- TASK DETAILS: So that the copy stays text only, transcribe the data below exactly and exclude the images.

[Web page caption snippets]
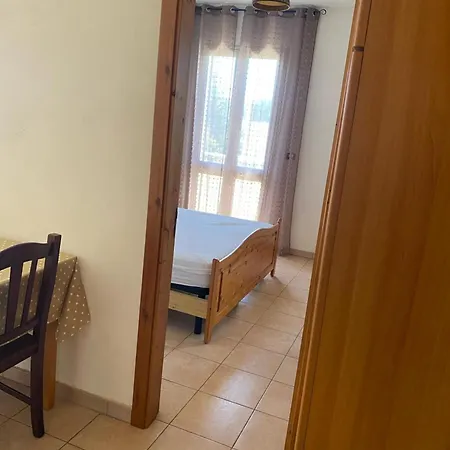 Ξενοδοχείο με διαμερίσματα Cerra Οτράντο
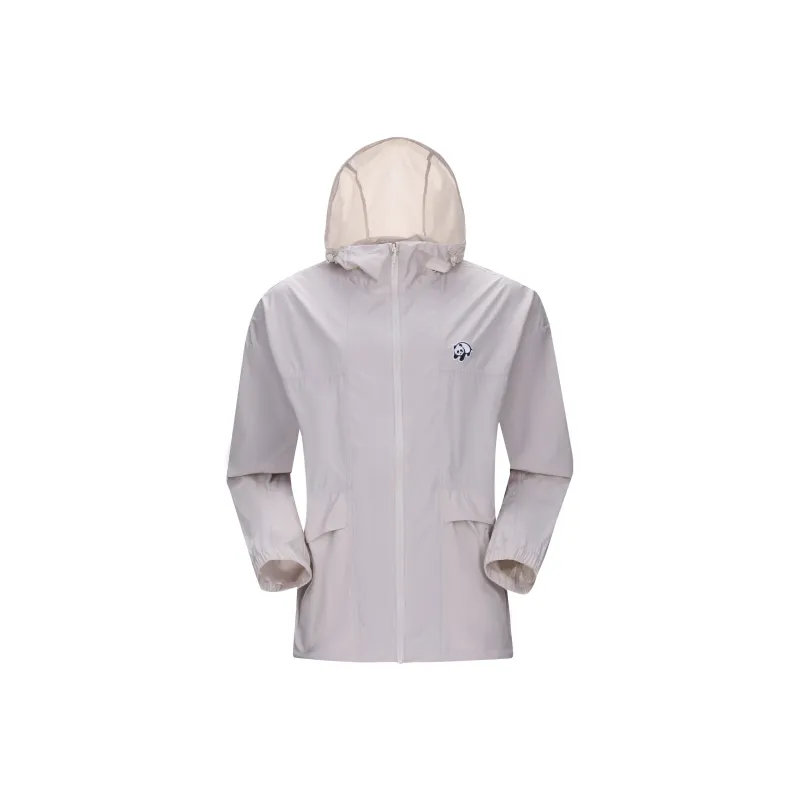 Panda Cooling Super Light Breathable UV Protection Coat Unisex-11
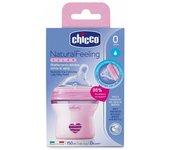 Biberón PHILIPS AVENT Pack Doble Natural 260 ml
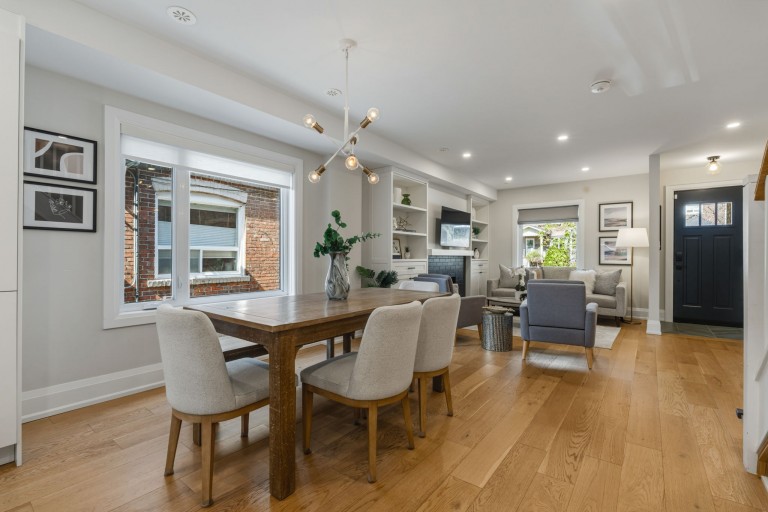 64 Gilmour Avenue, Toronto, Ontario, Canada photo 12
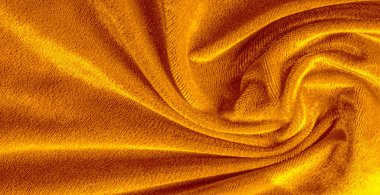 desen, doku, arka plan, kadife kumaş sarı, Bu bir b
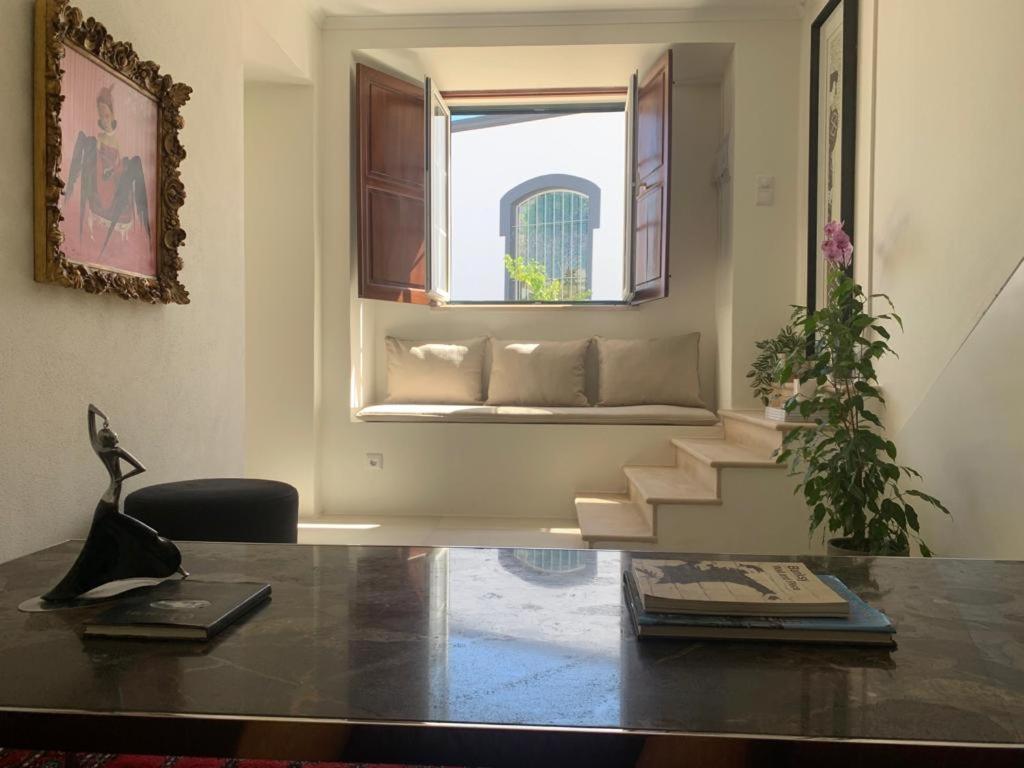Apartment Old Town Charm Lagos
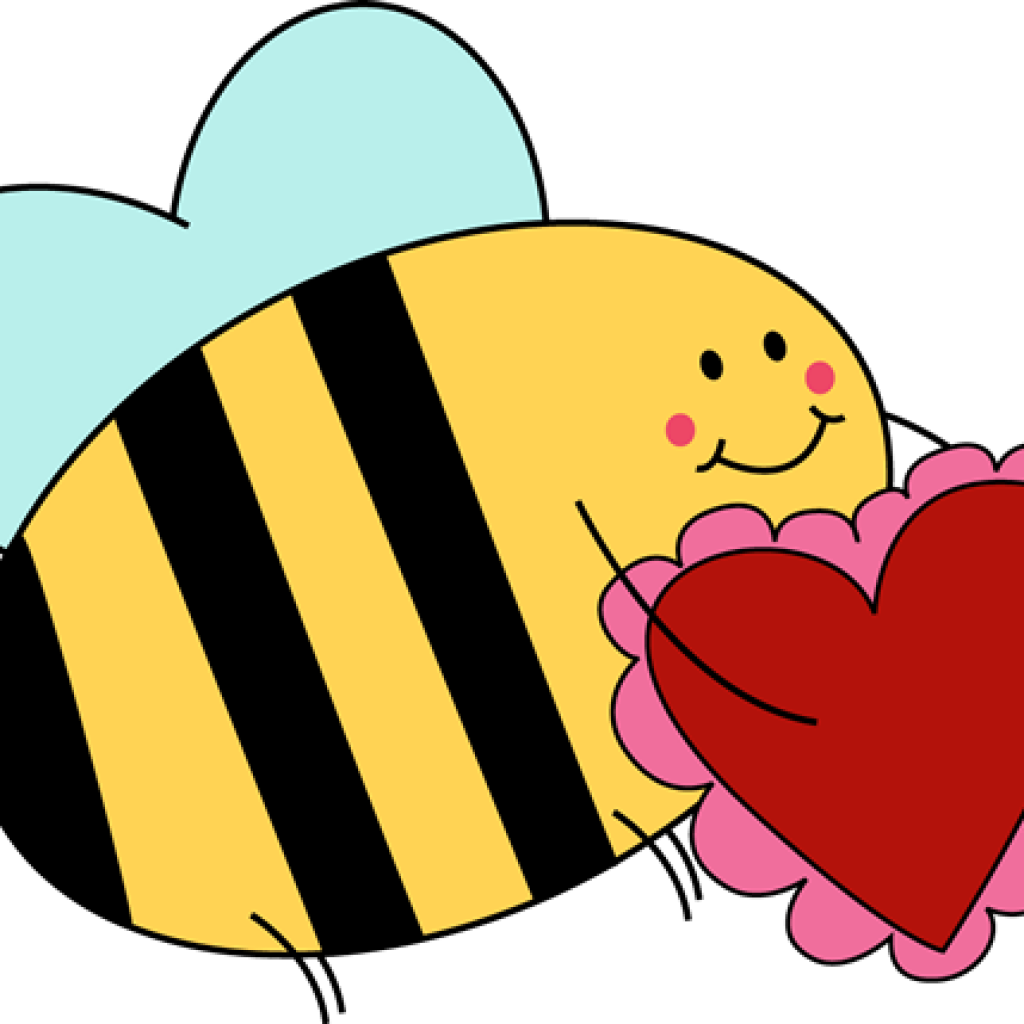 Valentine Clip Art Valentines Day Clip Art Valentines - Valentine's Day (1024x1024)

- WRITTEN RESPONSE:
 Ξενοδοχείο με διαμερίσματα Cerra Οτράντο
 Panda Cooling Super Light Breathable UV Protection Coat Unisex-11
 Biberón PHILIPS AVENT Pack Doble Natural 260 ml
 64 Gilmour Avenue, Toronto, Ontario, Canada photo 12
 desen, doku, arka plan, kadife kumaş sarı, Bu bir b
Apartment Old Town Charm Lagos
 Valentine Clip Art Valentines Day Clip Art Valentines - Valentine's Day (1024x1024)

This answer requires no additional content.